When Did it Happen? When did I realize the truth, when did I realize I was he, or he was me. When did I find out I was the Prince of Darkness. Had I grown so discontent with his job performance? Or had I grown tired of Enternity? What was it that made me do these deeds? What gave me the urges to slit the throats of angels, or take God's head, let's call him Hitler for now, and mount him over my fireplace. Hate me if you wish, but I would've done the world a favor. The world would've been better if Hitler was gone. Yup, this poem is my one way ticket to Hell! Truth be told, who really wants to go to heaven?
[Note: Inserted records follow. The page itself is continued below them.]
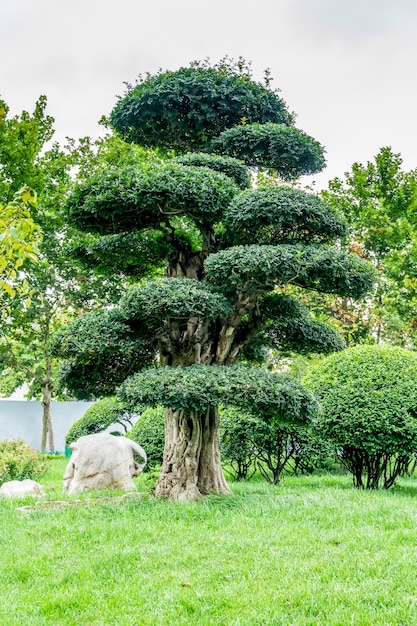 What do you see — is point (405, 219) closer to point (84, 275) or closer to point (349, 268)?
point (84, 275)

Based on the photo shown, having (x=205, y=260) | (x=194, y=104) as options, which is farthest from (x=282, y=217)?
(x=194, y=104)

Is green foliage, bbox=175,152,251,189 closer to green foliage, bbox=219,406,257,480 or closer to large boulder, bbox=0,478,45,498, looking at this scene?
green foliage, bbox=219,406,257,480

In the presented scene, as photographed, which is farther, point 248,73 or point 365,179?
point 365,179

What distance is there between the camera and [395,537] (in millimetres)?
3891

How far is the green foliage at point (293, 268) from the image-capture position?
4934mm

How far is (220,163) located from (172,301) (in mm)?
2004

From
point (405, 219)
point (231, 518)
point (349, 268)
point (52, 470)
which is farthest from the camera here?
point (405, 219)


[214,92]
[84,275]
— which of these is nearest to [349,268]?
[214,92]

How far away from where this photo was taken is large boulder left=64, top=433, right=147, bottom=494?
285 inches

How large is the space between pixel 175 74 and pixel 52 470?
826 centimetres

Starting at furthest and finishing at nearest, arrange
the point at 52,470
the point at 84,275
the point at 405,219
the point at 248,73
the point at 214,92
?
the point at 405,219
the point at 84,275
the point at 52,470
the point at 248,73
the point at 214,92

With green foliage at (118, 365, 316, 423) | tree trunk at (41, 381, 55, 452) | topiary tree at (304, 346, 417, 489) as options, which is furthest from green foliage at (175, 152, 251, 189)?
tree trunk at (41, 381, 55, 452)

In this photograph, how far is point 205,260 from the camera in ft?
18.1

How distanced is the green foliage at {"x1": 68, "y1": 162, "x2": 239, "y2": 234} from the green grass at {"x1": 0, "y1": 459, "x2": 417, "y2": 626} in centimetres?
295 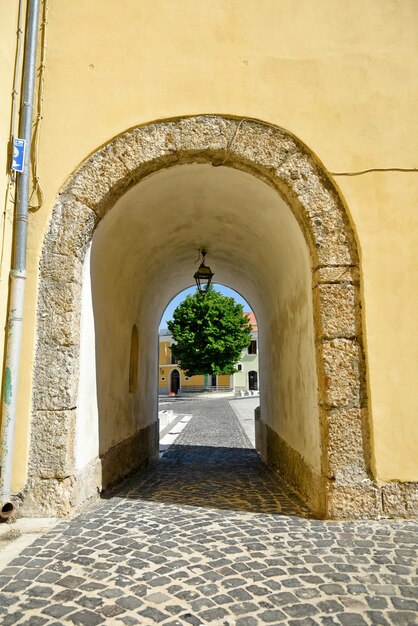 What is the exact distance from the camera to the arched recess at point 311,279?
11.9 feet

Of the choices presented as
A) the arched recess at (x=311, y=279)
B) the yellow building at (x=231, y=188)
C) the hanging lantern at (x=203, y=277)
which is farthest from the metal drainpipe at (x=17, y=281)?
the hanging lantern at (x=203, y=277)

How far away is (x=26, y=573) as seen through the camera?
8.63ft

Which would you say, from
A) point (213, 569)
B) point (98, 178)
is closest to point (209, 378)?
point (98, 178)

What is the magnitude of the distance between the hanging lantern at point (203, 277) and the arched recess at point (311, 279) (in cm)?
269

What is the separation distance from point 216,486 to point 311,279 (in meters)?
2.68

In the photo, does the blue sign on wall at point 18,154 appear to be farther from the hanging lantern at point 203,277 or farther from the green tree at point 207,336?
the green tree at point 207,336

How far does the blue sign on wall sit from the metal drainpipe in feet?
0.10

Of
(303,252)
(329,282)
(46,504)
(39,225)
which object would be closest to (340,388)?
(329,282)

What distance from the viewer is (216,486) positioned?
5.07 meters

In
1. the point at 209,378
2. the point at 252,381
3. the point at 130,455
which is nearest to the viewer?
the point at 130,455

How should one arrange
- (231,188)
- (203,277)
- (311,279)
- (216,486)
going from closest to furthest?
(311,279) → (231,188) → (216,486) → (203,277)

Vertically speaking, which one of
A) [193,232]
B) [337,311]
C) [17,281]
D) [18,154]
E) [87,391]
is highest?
[193,232]

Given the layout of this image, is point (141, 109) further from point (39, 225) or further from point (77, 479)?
point (77, 479)

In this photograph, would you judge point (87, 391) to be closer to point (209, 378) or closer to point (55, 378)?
point (55, 378) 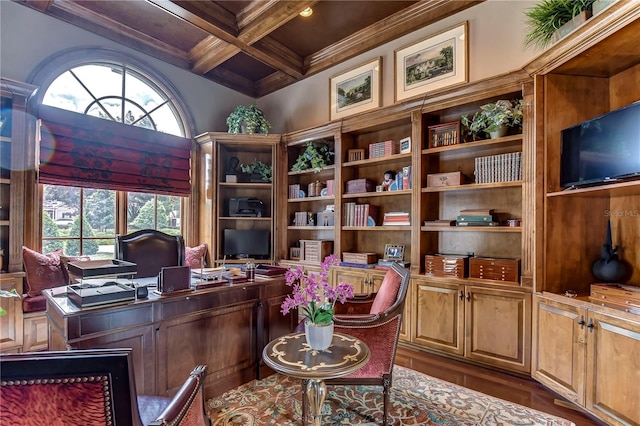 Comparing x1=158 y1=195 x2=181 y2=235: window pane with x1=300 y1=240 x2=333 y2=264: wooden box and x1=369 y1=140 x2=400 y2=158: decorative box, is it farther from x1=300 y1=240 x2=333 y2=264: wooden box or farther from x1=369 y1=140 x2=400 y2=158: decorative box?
x1=369 y1=140 x2=400 y2=158: decorative box

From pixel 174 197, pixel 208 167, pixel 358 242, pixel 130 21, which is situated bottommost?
pixel 358 242

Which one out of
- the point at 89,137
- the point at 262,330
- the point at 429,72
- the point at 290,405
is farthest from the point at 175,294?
the point at 429,72

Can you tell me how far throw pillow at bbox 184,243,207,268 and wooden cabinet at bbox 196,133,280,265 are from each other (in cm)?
10

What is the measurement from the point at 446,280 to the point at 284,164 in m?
2.57

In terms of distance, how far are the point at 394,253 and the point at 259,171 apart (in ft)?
7.16

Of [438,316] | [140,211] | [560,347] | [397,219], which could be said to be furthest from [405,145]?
[140,211]

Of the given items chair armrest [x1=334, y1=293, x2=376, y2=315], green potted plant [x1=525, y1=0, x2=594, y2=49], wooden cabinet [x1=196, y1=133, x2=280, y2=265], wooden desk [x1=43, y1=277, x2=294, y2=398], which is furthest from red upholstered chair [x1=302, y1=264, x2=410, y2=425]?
wooden cabinet [x1=196, y1=133, x2=280, y2=265]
Imagine, spending eternity there, in Barney Land, where nothing is bad. Without bad, there would be no good in good. Heaven is but a punishment, for not living. Life does end, but true comfort comes from the knowledge that I our suffering will one day end, the day we die. Jesus and his crucifiction, all a scam. His death and suffering was, much to quick. It wasn't a true representation of a human life. God could never not be God, humans have flaws and fail, Jesus had none of that. He may have taken our sins, but he didn't have any of his own. Taking on one's own sins means more than taking those of others. Taking on others makes you a martyr, but taking on your own is the true statement. A true testement would have been a long and everlasting affliction. But, God couldn't hack it, and he let Jesus off too easy. I wanted to see Jesus tortured, not for days, but years, decades, centuries. I wanted to see Jesus grow old and face true mortality with all the gifts of aging. Jesus with Altziemers, that would have said something, him not being able to remember who he was, Jesus being so far gone, he'd wet himself. Now that would have been a sacrifice. Instead we ended with a spectacle trial and death that would have been worthy of OJ.